> [Problem]
Each entry has to be set down again with no alteration.

> [Input data]
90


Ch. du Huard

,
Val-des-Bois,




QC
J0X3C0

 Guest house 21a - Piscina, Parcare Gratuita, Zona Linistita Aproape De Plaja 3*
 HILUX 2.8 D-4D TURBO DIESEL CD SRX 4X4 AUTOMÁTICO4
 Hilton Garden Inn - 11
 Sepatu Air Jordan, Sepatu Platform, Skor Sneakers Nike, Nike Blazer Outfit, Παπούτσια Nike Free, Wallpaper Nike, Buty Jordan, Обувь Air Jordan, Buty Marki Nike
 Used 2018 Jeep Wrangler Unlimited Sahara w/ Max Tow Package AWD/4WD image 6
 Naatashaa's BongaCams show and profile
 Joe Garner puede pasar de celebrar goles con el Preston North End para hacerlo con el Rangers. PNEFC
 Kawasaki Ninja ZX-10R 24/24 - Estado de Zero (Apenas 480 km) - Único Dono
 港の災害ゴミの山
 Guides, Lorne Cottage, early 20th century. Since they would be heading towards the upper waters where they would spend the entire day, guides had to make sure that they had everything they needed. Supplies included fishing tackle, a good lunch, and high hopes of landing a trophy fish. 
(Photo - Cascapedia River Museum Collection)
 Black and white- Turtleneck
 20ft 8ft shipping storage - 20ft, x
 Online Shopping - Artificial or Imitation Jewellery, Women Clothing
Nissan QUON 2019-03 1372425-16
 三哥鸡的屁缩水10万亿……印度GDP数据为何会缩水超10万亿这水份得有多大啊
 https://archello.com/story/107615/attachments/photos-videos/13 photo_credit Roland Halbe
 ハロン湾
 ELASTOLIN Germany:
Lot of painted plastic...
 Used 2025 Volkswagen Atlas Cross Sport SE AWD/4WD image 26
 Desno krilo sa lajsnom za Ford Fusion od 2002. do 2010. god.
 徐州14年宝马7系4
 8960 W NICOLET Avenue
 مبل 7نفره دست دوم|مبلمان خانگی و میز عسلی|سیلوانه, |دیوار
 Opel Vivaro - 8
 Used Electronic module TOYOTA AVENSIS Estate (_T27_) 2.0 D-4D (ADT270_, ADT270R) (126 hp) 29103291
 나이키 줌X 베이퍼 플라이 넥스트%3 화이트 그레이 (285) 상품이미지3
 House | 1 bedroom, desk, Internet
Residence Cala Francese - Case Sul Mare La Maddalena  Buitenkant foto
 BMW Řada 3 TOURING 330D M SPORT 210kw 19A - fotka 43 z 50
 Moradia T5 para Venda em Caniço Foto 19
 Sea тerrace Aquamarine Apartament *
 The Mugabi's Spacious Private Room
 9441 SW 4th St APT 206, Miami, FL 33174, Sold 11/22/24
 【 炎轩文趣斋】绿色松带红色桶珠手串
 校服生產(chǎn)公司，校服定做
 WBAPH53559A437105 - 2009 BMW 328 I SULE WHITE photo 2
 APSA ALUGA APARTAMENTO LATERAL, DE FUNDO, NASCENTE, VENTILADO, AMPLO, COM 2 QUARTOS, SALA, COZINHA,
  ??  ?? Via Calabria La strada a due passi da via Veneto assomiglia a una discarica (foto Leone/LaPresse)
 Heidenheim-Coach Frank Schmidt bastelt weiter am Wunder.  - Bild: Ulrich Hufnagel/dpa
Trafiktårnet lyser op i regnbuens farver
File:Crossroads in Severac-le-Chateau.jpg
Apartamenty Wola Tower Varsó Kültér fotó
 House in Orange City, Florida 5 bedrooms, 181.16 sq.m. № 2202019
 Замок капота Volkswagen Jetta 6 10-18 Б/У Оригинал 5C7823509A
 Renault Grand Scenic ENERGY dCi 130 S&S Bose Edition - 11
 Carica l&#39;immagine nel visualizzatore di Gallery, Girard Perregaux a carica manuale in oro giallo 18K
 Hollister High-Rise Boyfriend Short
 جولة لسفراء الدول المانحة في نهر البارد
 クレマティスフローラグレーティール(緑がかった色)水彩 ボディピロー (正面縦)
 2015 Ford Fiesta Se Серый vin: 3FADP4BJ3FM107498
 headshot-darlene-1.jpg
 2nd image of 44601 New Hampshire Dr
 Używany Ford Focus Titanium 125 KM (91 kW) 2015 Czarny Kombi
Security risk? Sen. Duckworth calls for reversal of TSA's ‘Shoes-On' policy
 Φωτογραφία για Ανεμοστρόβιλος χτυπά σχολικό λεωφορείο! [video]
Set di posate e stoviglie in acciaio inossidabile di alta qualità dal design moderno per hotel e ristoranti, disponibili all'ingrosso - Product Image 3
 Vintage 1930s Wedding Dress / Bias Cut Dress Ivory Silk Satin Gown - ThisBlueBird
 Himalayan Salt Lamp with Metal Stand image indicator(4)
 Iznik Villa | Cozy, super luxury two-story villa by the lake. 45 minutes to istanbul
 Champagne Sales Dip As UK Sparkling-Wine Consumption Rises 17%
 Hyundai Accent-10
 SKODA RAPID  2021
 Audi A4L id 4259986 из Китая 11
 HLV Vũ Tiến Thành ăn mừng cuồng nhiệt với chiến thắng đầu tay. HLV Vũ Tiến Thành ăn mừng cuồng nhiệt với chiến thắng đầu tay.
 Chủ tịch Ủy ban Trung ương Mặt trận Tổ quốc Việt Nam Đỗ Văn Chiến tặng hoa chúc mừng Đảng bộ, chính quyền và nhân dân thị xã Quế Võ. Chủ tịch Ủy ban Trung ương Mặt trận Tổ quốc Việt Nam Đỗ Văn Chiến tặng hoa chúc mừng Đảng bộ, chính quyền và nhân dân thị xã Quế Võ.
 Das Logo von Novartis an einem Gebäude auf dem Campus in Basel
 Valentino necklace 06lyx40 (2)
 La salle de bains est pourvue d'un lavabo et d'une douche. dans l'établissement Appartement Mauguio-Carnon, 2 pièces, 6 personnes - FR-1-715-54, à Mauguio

> [Your response]
90


Ch. du Huard

,
Val-des-Bois,




QC
J0X3C0

 Guest house 21a - Piscina, Parcare Gratuita, Zona Linistita Aproape De Plaja 3*
 HILUX 2.8 D-4D TURBO DIESEL CD SRX 4X4 AUTOMÁTICO4
 Hilton Garden Inn - 11
 Sepatu Air Jordan, Sepatu Platform, Skor Sneakers Nike, Nike Blazer Outfit, Παπούτσια Nike Free, Wallpaper Nike, Buty Jordan, Обувь Air Jordan, Buty Marki Nike
 Used 2018 Jeep Wrangler Unlimited Sahara w/ Max Tow Package AWD/4WD image 6
 Naatashaa's BongaCams show and profile
 Joe Garner puede pasar de celebrar goles con el Preston North End para hacerlo con el Rangers. PNEFC
 Kawasaki Ninja ZX-10R 24/24 - Estado de Zero (Apenas 480 km) - Único Dono
 港の災害ゴミの山
 Guides, Lorne Cottage, early 20th century. Since they would be heading towards the upper waters where they would spend the entire day, guides had to make sure that they had everything they needed. Supplies included fishing tackle, a good lunch, and high hopes of landing a trophy fish. 
(Photo - Cascapedia River Museum Collection)
 Black and white- Turtleneck
 20ft 8ft shipping storage - 20ft, x
 Online Shopping - Artificial or Imitation Jewellery, Women Clothing
Nissan QUON 2019-03 1372425-16
 三哥鸡的屁缩水10万亿……印度GDP数据为何会缩水超10万亿这水份得有多大啊
 https://archello.com/story/107615/attachments/photos-videos/13 photo_credit Roland Halbe
 ハロン湾
 ELASTOLIN Germany:
Lot of painted plastic...
 Used 2025 Volkswagen Atlas Cross Sport SE AWD/4WD image 26
 Desno krilo sa lajsnom za Ford Fusion od 2002. do 2010. god.
 徐州14年宝马7系4
 8960 W NICOLET Avenue
 مبل 7نفره دست دوم|مبلمان خانگی و میز عسلی|سیلوانه, |دیوار
 Opel Vivaro - 8
 Used Electronic module TOYOTA AVENSIS Estate (_T27_) 2.0 D-4D (ADT270_, ADT270R) (126 hp) 29103291
 나이키 줌X 베이퍼 플라이 넥스트%3 화이트 그레이 (285) 상품이미지3
 House | 1 bedroom, desk, Internet
Residence Cala Francese - Case Sul Mare La Maddalena  Buitenkant foto
 BMW Řada 3 TOURING 330D M SPORT 210kw 19A - fotka 43 z 50
 Moradia T5 para Venda em Caniço Foto 19
 Sea тerrace Aquamarine Apartament *
 The Mugabi's Spacious Private Room
 9441 SW 4th St APT 206, Miami, FL 33174, Sold 11/22/24
 【 炎轩文趣斋】绿色松带红色桶珠手串
 校服生產(chǎn)公司，校服定做
 WBAPH53559A437105 - 2009 BMW 328 I SULE WHITE photo 2
 APSA ALUGA APARTAMENTO LATERAL, DE FUNDO, NASCENTE, VENTILADO, AMPLO, COM 2 QUARTOS, SALA, COZINHA,
  ??  ?? Via Calabria La strada a due passi da via Veneto assomiglia a una discarica (foto Leone/LaPresse)
 Heidenheim-Coach Frank Schmidt bastelt weiter am Wunder.  - Bild: Ulrich Hufnagel/dpa
Trafiktårnet lyser op i regnbuens farver
File:Crossroads in Severac-le-Chateau.jpg
Apartamenty Wola Tower Varsó Kültér fotó
 House in Orange City, Florida 5 bedrooms, 181.16 sq.m. № 2202019
 Замок капота Volkswagen Jetta 6 10-18 Б/У Оригинал 5C7823509A
 Renault Grand Scenic ENERGY dCi 130 S&S Bose Edition - 11
 Carica l&#39;immagine nel visualizzatore di Gallery, Girard Perregaux a carica manuale in oro giallo 18K
 Hollister High-Rise Boyfriend Short
 جولة لسفراء الدول المانحة في نهر البارد
 クレマティスフローラグレーティール(緑がかった色)水彩 ボディピロー (正面縦)
 2015 Ford Fiesta Se Серый vin: 3FADP4BJ3FM107498
 headshot-darlene-1.jpg
 2nd image of 44601 New Hampshire Dr
 Używany Ford Focus Titanium 125 KM (91 kW) 2015 Czarny Kombi
Security risk? Sen. Duckworth calls for reversal of TSA's ‘Shoes-On' policy
 Φωτογραφία για Ανεμοστρόβιλος χτυπά σχολικό λεωφορείο! [video]
Set di posate e stoviglie in acciaio inossidabile di alta qualità dal design moderno per hotel e ristoranti, disponibili all'ingrosso - Product Image 3
 Vintage 1930s Wedding Dress / Bias Cut Dress Ivory Silk Satin Gown - ThisBlueBird
 Himalayan Salt Lamp with Metal Stand image indicator(4)
 Iznik Villa | Cozy, super luxury two-story villa by the lake. 45 minutes to istanbul
 Champagne Sales Dip As UK Sparkling-Wine Consumption Rises 17%
 Hyundai Accent-10
 SKODA RAPID  2021
 Audi A4L id 4259986 из Китая 11
 HLV Vũ Tiến Thành ăn mừng cuồng nhiệt với chiến thắng đầu tay. HLV Vũ Tiến Thành ăn mừng cuồng nhiệt với chiến thắng đầu tay.
 Chủ tịch Ủy ban Trung ương Mặt trận Tổ quốc Việt Nam Đỗ Văn Chiến tặng hoa chúc mừng Đảng bộ, chính quyền và nhân dân thị xã Quế Võ. Chủ tịch Ủy ban Trung ương Mặt trận Tổ quốc Việt Nam Đỗ Văn Chiến tặng hoa chúc mừng Đảng bộ, chính quyền và nhân dân thị xã Quế Võ.
 Das Logo von Novartis an einem Gebäude auf dem Campus in Basel
 Valentino necklace 06lyx40 (2)
 La salle de bains est pourvue d'un lavabo et d'une douche. dans l'établissement Appartement Mauguio-Carnon, 2 pièces, 6 personnes - FR-1-715-54, à Mauguio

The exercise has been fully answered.